Se tivesse de escolher apenas uma palavra para descrever a região, esta seria – diversidade. Solos, castas, denominações de origem, tipos e estilos de vinhos produzidos – tudo é diverso e heterogéneo na região de Lisboa. TEXTO: VALÉRIA ZEFERINO FOTOS: RICARDO GOMEZ Já lá vão os tempos em que a região se chamava Estremadura, conotada […]

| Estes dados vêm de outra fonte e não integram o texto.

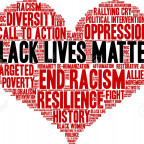 Black Lives Matter word cloud on a white background.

Se tivesse de escolher apenas uma palavra para descrever a região, esta seria – diversidade. Solos, castas, denominações de origem, tipos e estilos de vinhos produzidos – tudo é diverso e heterogéneo na região de Lisboa.
TEXTO: VALÉRIA ZEFERINO
FOTOS: RICARDO GOMEZ
Já lá vão os tempos em que a região se chamava Estremadura, conotada sobretudo com fornecimento de grande volume de vinho à capital. Em 2009 adoptou o nome de Lisboa que lhe conferiu uma nova identidade e a colocou no mapa de Portugal de forma inequívoca e contemporânea. A região estende-se entre Lisboa e Leiria, com cerca de 140 km em comprimento e entre 20 e 40 km em largura, sendo delimitada pelo oceano a Oeste. A influência Atlântica é um denominador comum – ameniza as temperaturas de verão através das brisas marítimas e frequentes neblinas matinais que, dado ao relevo não muito elevado, excepto a Sul, proliferam facilmente para o interior. O clima temperado, sem grandes amplitudes térmicas e com uma precipitação anual a nível de 600-700 mm permite uma maturação mais lenta e homogénea sem risco de escaldões ou paragens de actividade fotossintética das videiras. Os solos variam de calcários a argilosos, tendo zonas com arenitos finos e terras mais férteis de aluvião.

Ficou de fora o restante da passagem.